Figure 9 displays the observed lightning data overlaid on predicted 24 h maximum lightning probabilities for the ConUS for forecast days 1, 3, 5, and 7, beginning on 15 July 2018. Figure 10 shows similar overlays for AK during two high-intensity lightning events that occurred on 4 June and 20 June in 2022. These overlay maps visually illustrate the ability of the lightning prediction model to successfully capture regions of intense lightning.

4. Conclusions

We presented here the first and only operational, gridded lightning probability forecast algorithm for the continental USA and Alaska, derived from 29-year-long data records, that runs on a uniform 20 km continental grid. The statistical procedure of model derivation revealed that the occurrence of lightning strikes primarily depends on three factors: the temperatures and geopotential heights across the pressure levels at a grid point, the amount of low-level atmospheric moisture, and the wind speed/wind direction. These physical variables apparently aid in controlling the vertical separation of electric charges in the lower troposphere during thunderstorms, at a 20 km resolution, increasing the voltage potential between the cloud deck and the ground to a level that triggers electrical discharges.

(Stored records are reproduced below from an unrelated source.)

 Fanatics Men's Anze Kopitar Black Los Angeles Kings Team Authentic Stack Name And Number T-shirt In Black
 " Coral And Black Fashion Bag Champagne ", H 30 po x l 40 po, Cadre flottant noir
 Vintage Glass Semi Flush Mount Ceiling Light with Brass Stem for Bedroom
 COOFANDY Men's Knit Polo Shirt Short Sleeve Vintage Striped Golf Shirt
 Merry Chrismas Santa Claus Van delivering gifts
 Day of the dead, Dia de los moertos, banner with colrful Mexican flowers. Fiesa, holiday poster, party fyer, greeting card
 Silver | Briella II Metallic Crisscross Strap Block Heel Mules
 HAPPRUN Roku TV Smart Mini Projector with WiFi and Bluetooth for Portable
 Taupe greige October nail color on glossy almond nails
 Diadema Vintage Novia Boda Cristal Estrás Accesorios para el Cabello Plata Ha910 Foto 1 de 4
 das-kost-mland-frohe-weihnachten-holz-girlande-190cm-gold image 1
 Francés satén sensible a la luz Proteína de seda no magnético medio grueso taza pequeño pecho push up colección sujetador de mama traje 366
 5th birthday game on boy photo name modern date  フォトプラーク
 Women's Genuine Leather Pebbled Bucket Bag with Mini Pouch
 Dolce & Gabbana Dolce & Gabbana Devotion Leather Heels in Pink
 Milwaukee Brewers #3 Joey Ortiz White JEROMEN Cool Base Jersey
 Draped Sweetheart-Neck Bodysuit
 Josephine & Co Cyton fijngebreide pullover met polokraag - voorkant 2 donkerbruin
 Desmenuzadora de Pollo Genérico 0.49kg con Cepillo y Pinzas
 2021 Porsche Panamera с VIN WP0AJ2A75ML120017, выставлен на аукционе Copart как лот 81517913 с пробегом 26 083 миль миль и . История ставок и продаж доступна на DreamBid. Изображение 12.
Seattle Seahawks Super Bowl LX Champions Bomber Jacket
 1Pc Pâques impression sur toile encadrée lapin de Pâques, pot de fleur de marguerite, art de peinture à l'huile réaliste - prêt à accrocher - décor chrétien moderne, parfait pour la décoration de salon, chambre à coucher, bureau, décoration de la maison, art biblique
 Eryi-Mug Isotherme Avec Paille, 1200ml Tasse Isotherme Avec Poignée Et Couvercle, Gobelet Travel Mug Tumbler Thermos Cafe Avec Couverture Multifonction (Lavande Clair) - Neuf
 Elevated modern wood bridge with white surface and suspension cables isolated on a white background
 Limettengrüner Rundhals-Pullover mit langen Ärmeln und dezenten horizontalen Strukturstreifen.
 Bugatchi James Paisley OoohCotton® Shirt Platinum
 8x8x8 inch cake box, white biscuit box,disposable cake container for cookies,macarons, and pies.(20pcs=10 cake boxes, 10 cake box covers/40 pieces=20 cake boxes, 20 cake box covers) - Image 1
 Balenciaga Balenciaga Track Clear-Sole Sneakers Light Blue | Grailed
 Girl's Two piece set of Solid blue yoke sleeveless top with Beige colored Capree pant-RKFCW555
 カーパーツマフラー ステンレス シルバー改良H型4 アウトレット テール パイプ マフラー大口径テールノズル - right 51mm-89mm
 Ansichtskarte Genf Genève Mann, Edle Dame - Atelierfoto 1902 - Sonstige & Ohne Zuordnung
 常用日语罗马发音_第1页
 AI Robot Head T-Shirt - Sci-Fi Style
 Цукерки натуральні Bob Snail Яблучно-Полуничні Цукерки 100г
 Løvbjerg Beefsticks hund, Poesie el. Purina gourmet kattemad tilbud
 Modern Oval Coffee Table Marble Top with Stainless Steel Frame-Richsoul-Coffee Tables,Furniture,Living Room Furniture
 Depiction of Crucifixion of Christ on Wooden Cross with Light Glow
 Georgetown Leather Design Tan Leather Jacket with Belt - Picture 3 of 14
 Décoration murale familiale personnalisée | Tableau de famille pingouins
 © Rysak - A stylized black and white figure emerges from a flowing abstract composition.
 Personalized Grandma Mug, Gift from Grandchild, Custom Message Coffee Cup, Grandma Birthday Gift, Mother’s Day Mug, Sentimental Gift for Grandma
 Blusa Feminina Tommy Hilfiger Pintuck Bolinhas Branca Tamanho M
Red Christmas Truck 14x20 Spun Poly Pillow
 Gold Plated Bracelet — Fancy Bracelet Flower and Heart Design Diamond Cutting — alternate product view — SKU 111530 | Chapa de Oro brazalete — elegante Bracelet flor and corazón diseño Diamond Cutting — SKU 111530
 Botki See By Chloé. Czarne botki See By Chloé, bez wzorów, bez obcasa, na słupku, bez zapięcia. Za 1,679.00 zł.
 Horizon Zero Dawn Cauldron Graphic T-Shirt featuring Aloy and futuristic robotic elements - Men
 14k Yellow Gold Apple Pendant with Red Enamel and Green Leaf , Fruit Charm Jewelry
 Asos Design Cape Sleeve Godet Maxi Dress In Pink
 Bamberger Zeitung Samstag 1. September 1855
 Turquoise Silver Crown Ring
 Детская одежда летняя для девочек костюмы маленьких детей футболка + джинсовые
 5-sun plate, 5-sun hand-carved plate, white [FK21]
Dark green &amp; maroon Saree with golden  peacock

The results obtained from the model verification performed employing independent data indicate that probabilistic predictions of CG lightning strikes are feasible and can be statistically reliable up to 7 days in advance when driven by output from operational, numerical weather forecast models such as the GFS. Hence, this new lightning prediction algorithm can be incorporated into future forecasting systems of fire ignition probabilities to quantify the risk of naturally occurring wildfires at a national level.